On the same subject, a Man City supporter waxes lyrical:
There was a girl from Stockport,
Her name was Hazel Grove,
She started supporting City,
When she was eight years old,
She’s been to nearly every match,
She’s only missed a few,
She’s never seen them win a cup,
And now she’s forty-two!
Our local Household Waste Disposal and Civic Amenity Site, (why don't they just say ‘tip’) has closed recently and we must now make a 35 mile round trip to the next nearest one. Last week, I bought a new fridge and to get rid of the old fridge, I put it in the front garden and hung a sign on it saying: 'Working Fridge - Free to good home. You want it, you take it.' For two days the fridge sat there without anyone looking twice. I eventually decided that people were too distrustful of this scenario. So I changed the sign to read: 'Fridge for sale £20.' The next day someone nicked it!
My 12-year-old daughter Susannah asked me, “What was your favourite 'fast food' when you were growing up?” “We didn't have fast food when I was growing up,” I informed her. “All the food was slow.” “C'mon, seriously. Where did you eat?”

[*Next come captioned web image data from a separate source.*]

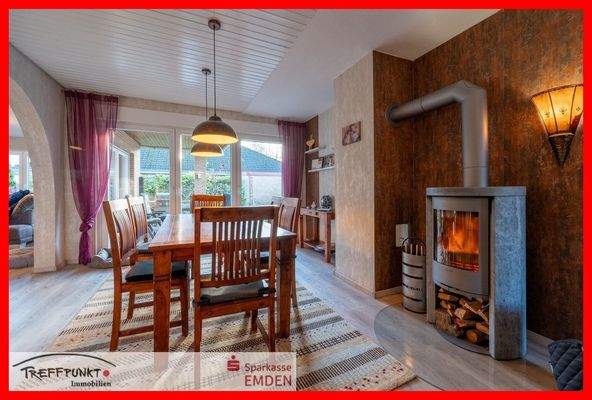 Esszimmer mit Kaminofen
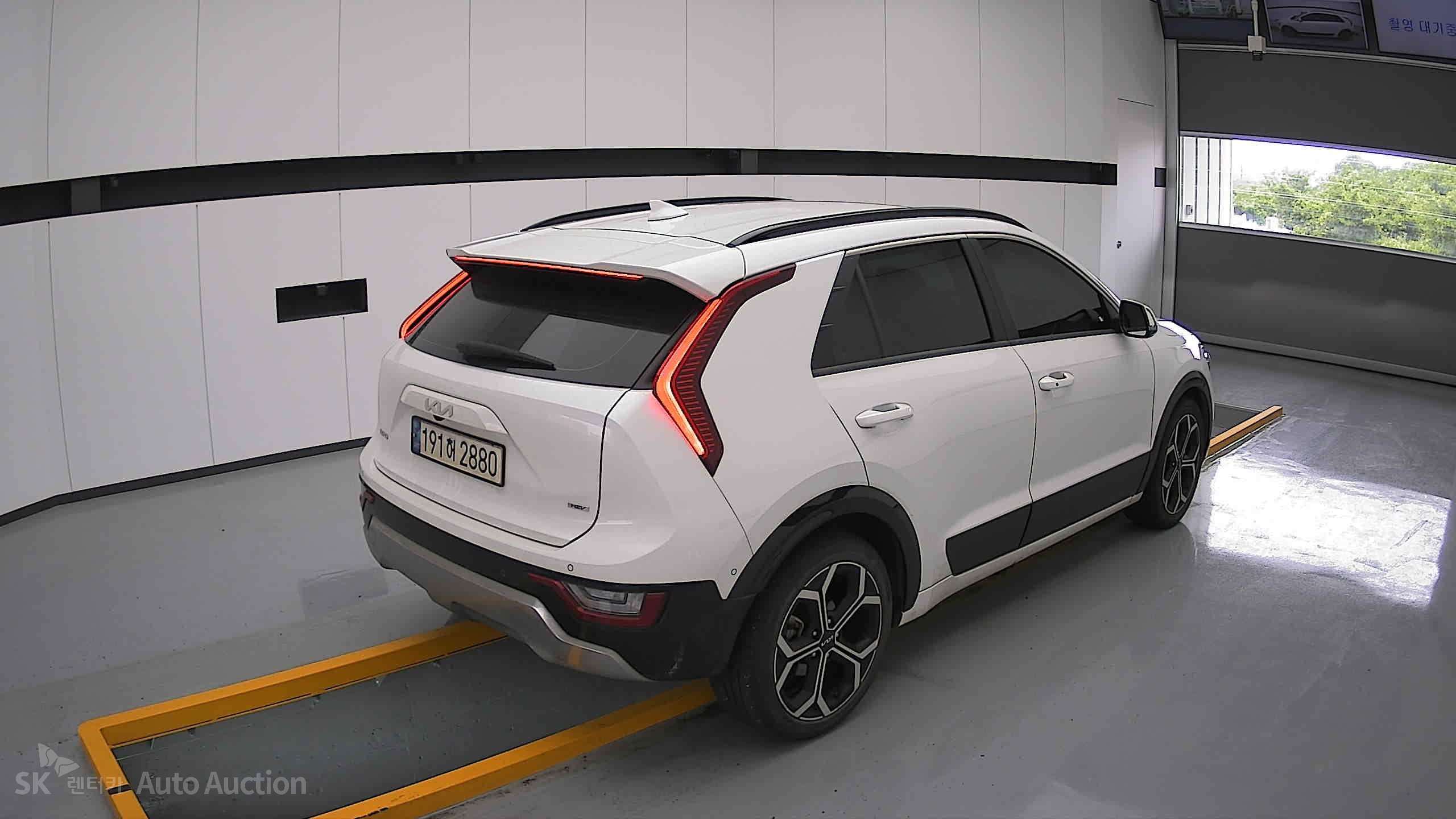 2022 - kia all-new niro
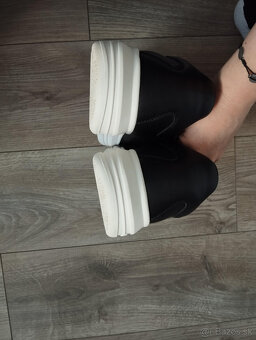 Pánske topánky Guess - 11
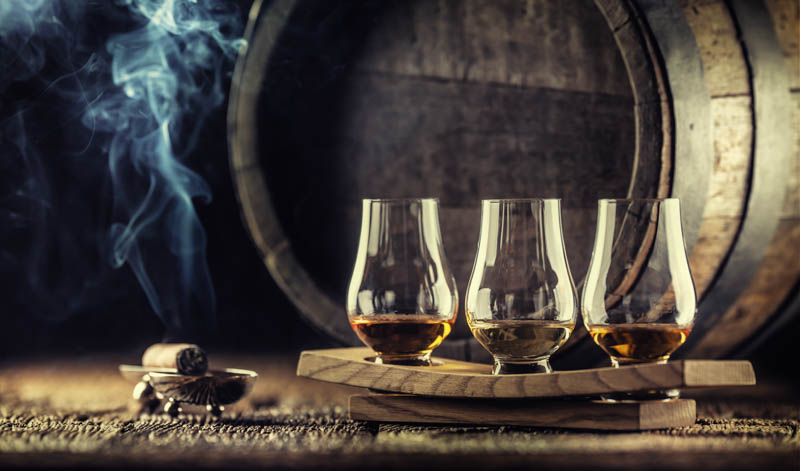 Bei Blended Whisky werden verschiedene Fassabfüllungen miteinander verschnitten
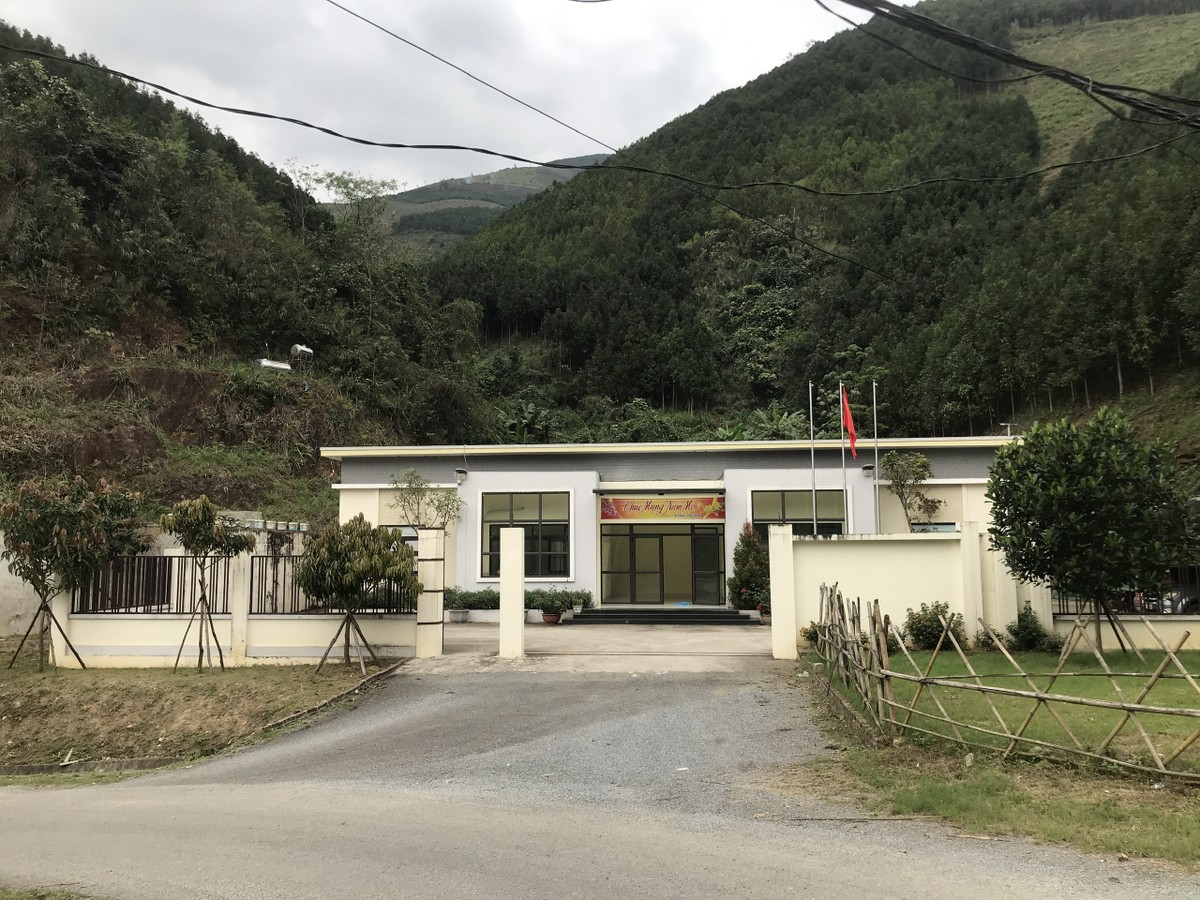 Ông Nguyễn Tất Anh chia sẻ, nhà điều hành của Thuỷ điện Nậm Lúc được xây dựng kiên cố với phía sau có 1 dãy nhà ở và 1 dãy nhà bếp và ăn tạo thành hình chữ U. (Hình ảnh nhà điều hành khi chưa bị san bằng được cán bộ Thuỷ điện Nậm Lúc cung cấp).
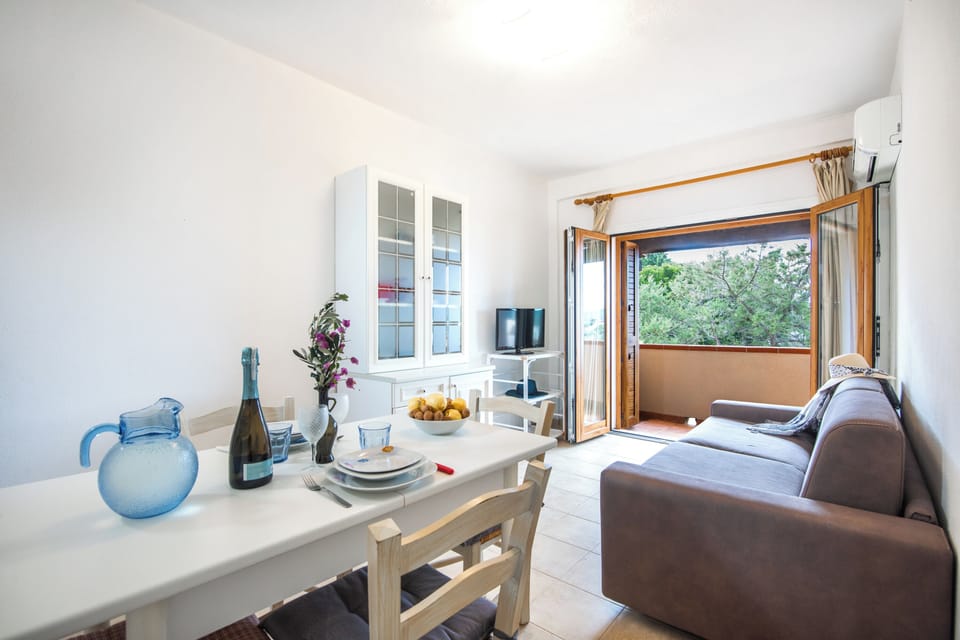 Living and dining room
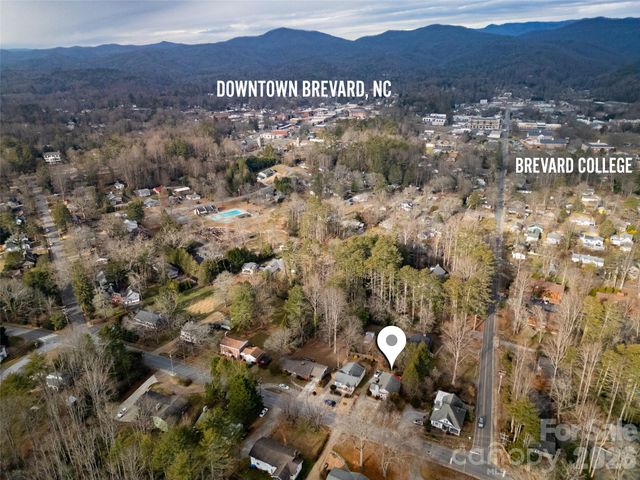 401 Park Avenue, Brevard, NC 28712
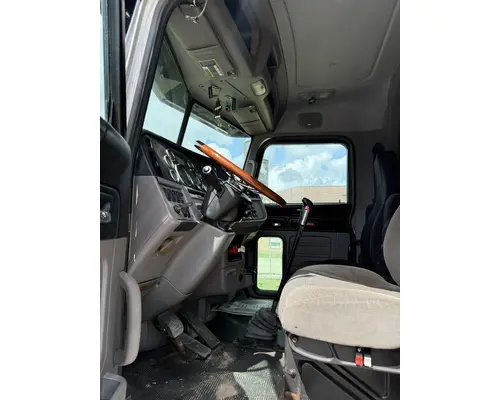 PETERBILT 388 Complete Vehicle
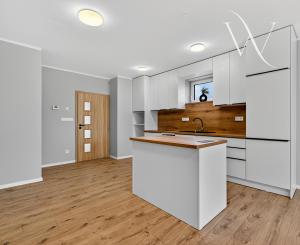 Na predaj 4-izbová novostavba s garážou v obci Veľký Grob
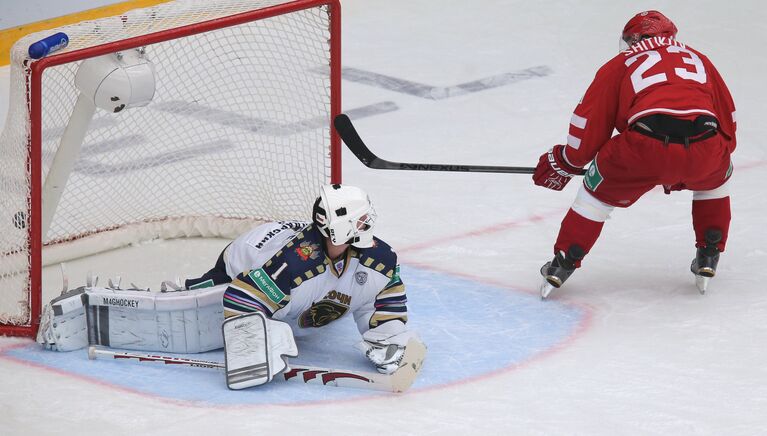 Игровой момент матча Витязь - Сочи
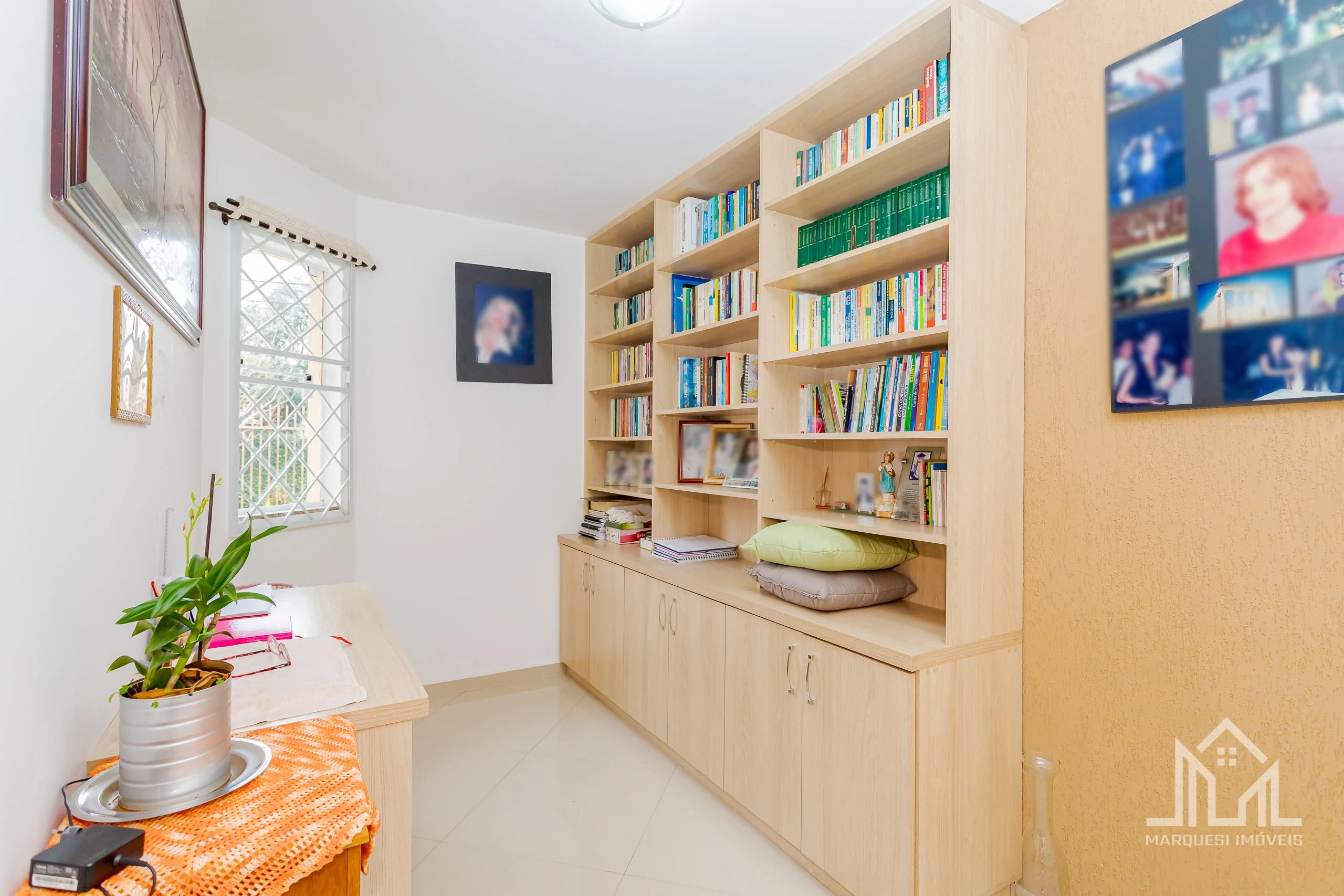 Casa com 3 Quartos à Venda, 241 m² em Guabirotuba - Curitiba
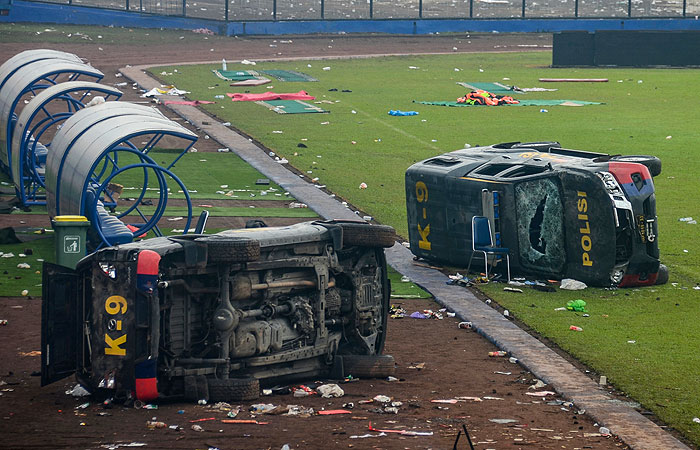 Число жертв беспорядков на стадионе в Индонезии превысило 170 человек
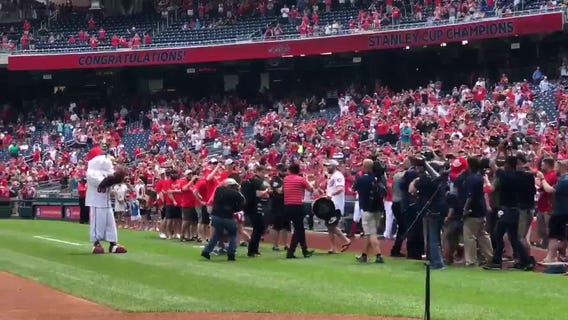 Alex Ovechkin brings Stanley Cup to Nats Park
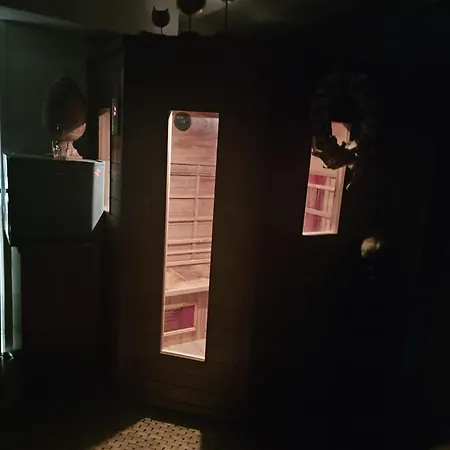 Bed & Breakfast Surprise House *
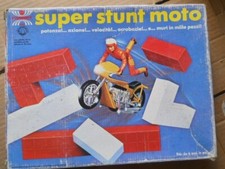 SUPER STUNT MOTO HARBERT TOYS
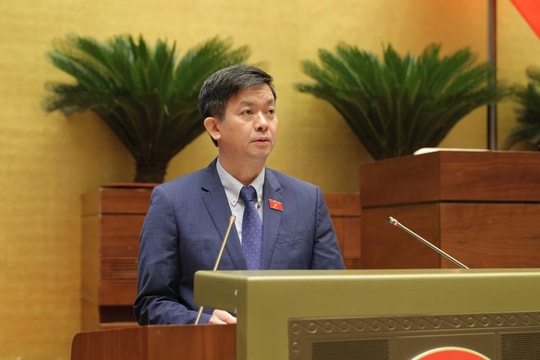 Đại biểu Quốc hội không chuyên trách phải dành ít nhất 1/3 thời gian làm việc để thực hiện nhiệm vụ, quyền hạn của đại biểu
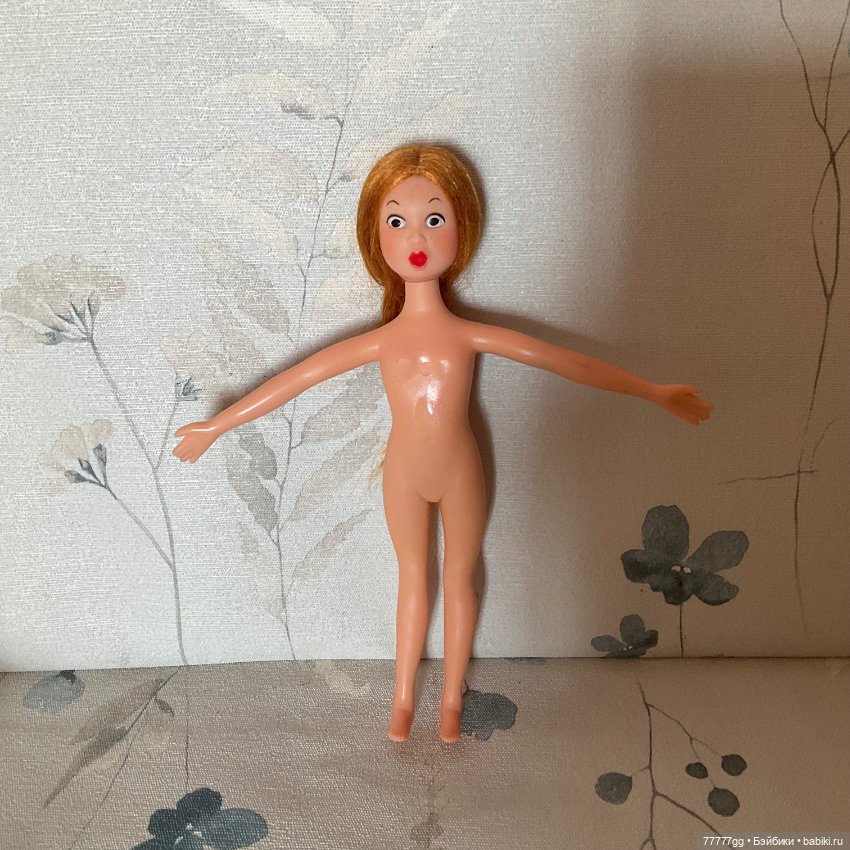 Гибкая гитаристка из прошлого (фото 10)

”It was at a place called home,”' I explained. “Mum cooked every day and when Dad got home from work, we sat down together at the dining room table, and if I didn't like what she put on my plate, I was allowed to sit there until I did like it.”
By this time, the lass was laughing so hard I was afraid she was going to suffer serious internal damage, so I didn't tell her the part about how I had to have permission to leave the table.
Many people cannot comprehend why UK oil reserves are rapidly diminishing and we have very little oil left. Let me explain. Our oil reserves are situated in the North Sea, whereas our dipsticks are in Westminster. Now do you understand?
Got a text from Barmy Albert yesterday. It read: Just driving my new Toyota Prius. Chat later. Can’t stop. Well at least he’ll find out if the airbag works!
Tried to do a bit of that ‘Cage Fighting’ last week. Anyone know where I can buy a replacement budgerigar?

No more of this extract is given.